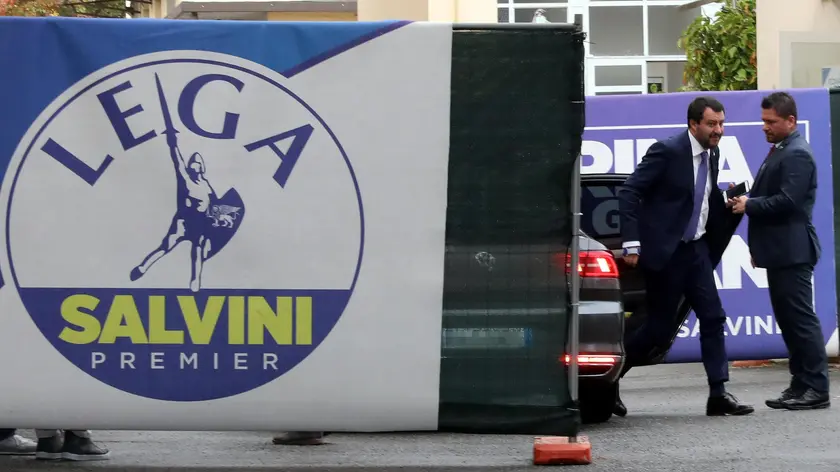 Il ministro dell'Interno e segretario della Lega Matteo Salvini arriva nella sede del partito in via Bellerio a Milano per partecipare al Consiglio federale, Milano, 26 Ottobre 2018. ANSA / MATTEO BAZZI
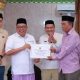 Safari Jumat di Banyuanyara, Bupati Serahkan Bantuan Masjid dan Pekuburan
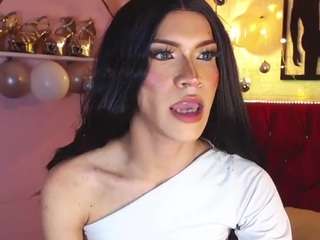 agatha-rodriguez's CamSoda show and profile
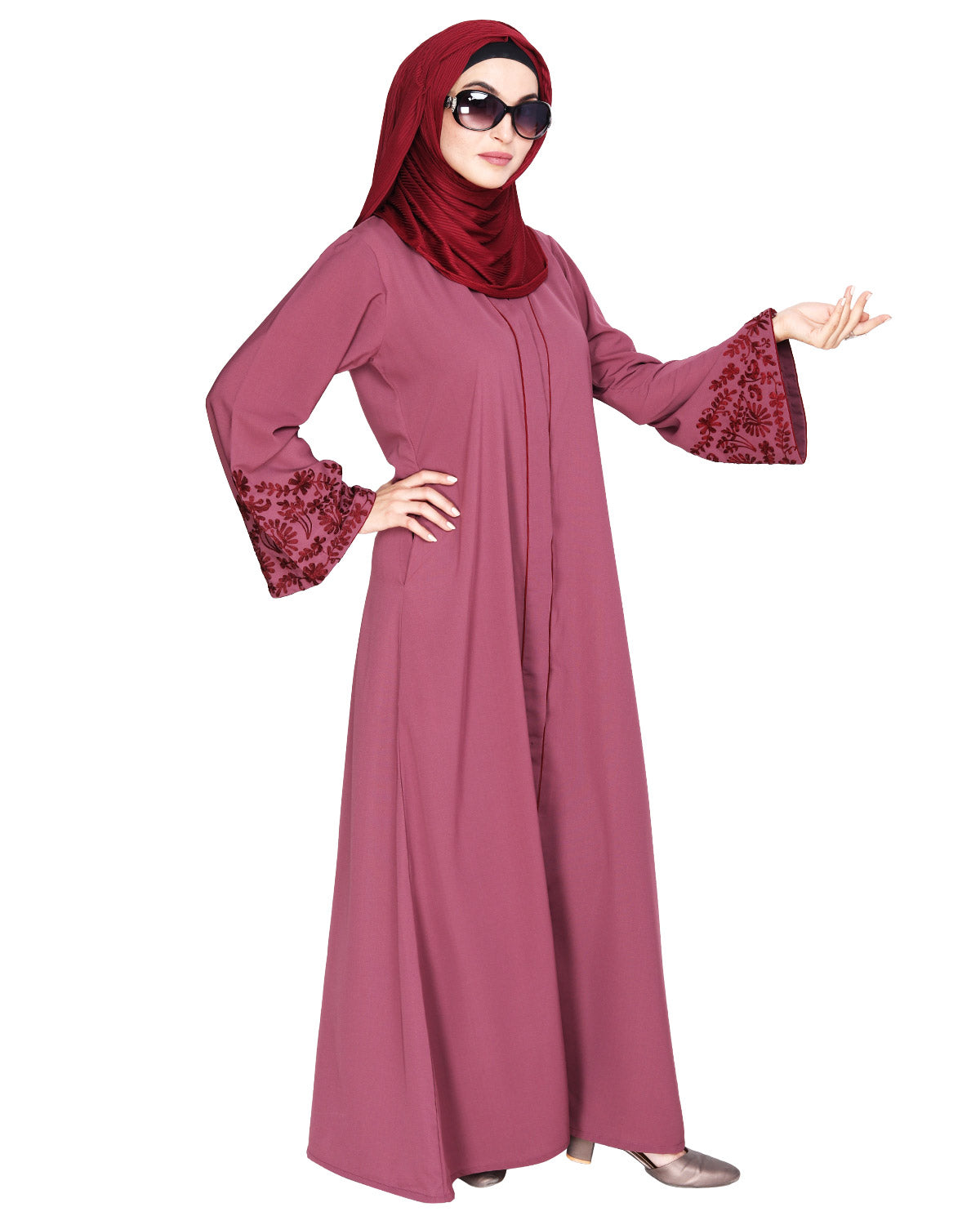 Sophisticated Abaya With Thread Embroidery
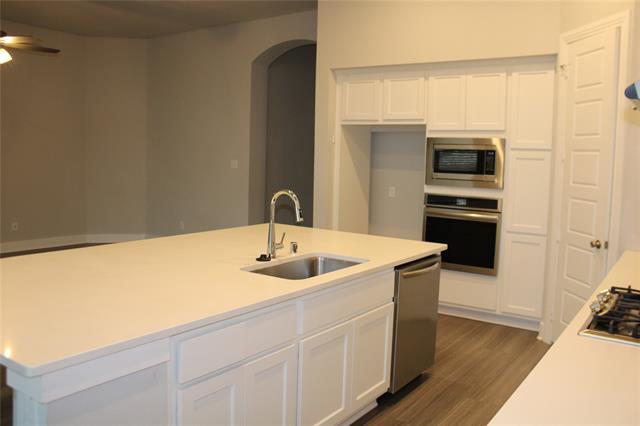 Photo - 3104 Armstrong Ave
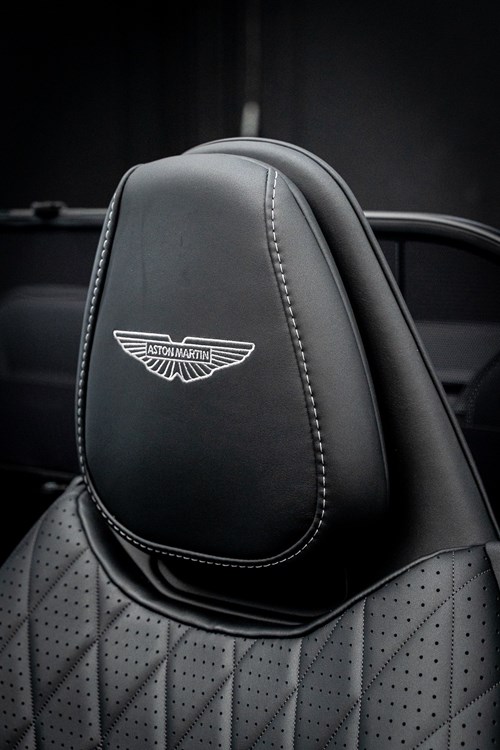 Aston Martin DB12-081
---
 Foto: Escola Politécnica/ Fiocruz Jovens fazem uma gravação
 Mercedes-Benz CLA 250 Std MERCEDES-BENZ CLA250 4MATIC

TO DO >> Using the data above, reproduce exactly the lines from the line that contains "Foto: Escola Politécnica/" through the line that contains "Mercedes-Benz CLA 250", including both.

YOUR SOLUTION >>
 Foto: Escola Politécnica/ Fiocruz Jovens fazem uma gravação
 Mercedes-Benz CLA 250 Std MERCEDES-BENZ CLA250 4MATIC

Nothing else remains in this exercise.